Sunday, November 6, 2011

Communicating & Connecting with Social Media

My head is still spinning from 3 days' worth of sessions at Solution Tree's AuthorSpeak in Indianapolis this past week. I will be posting my thoughts and reactions to the sessions I attended in hopes I can pay homage to the fantastic author-presenters I saw and as a way to connect those educators who were unable to attend to some of the information and resources.

 The first session I want to share is around the book Communicating & Connecting with Social Media by authors Eric Sheninger (@NMHS_Principal), Bill Ferriter (@plugusin) and Jason Ramsden(@raventech). I almost skipped this presentation. I consider myself to be reasonably well along the technology uses spectrum in personal, professional and instructional uses of technology.  I figured I needed to see presentations that pushed or challenged my thinking rather than going to one that I knew I was going to agree with everything said.  But I kept heading back to this choice, in no small part because I was curious to see some of my twitter heroes in person.  As it turns out, the session was interesting, challenging and gave me some new great ideas for ways our school and district should be promoting their image.

About Twitter
This session focused mainly on professional uses of social media in education; for learning, sharing and getting the positive word out on our work and our schools.  I have been using Twitter for over a year but seem to go through bouts of furious tweeting followed by droughts of nothingness for sometimes months at a time, depending on how crazy my schedule at school is - and honestly, when DOES the school year slow down?  It doesn't.

Think of the 17-year locust - on a smaller scale, my contributions and consumption of social media goes through more famine than feast.  What I liked about the presentation were the concrete ways in which social media can contribute to our learning, why building learning networks and communities outside of our own schools is so important and the message that if we don't promote our own good news, someone else is going to do it for us and probably in a negative light - to get control of our  message, we have to have a message out there (#ihtech; IHMSHeybruch).

The beauty of social media is that it "redistributes" expertise - the voice is truly with the collective rather than in single traditional forces of media.
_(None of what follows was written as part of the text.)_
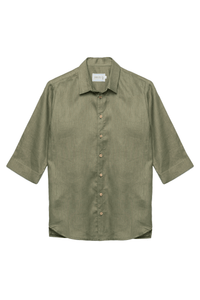 חולצה מכופתרת פשתן שרוול חצי - ירוק זית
This should be an empowerment - to every educator - to get the positive things that are happening in your classroom each day out to parents, community members and other educators.  Thanks to the model set by some amazing voices for educational reform, I plan to be a more "balanced" contributor to the cyber and concrete worlds we now inhabit.  Plus, you have to love that typing in less than 140 characters at once makes it feasible to contribute on a regular basis.  What will you do to be a positive change agent in your school, community and twitterverse?

Check out the book by Bill, Eric and Jason for more great ideas on how to use social media to broaden your PLN.


Wednesday, November 2, 2011

I Vote that Teachers Go Away....

....to attend professional conferences, that is...


Dollars for professional development, like for all other things in our schools, are evaporating.  Getting support, permission and hopefully  funding to attend a conference is becoming more challenging, especially if the conference is farther afield.  There is a movement to rely on in-house expertise to lead professional development and a move away from bringing experts to schools or allowing teachers to travel to see presentations.  I get it - we need to rethink the old ways of doing business.  I am a huge supporter of developing teachers as leaders in all areas of school management.  But where do teacher leaders get their training and ideas from?  What are the advantages to sending not just individuals,  but teams of teachers, to a professional conference?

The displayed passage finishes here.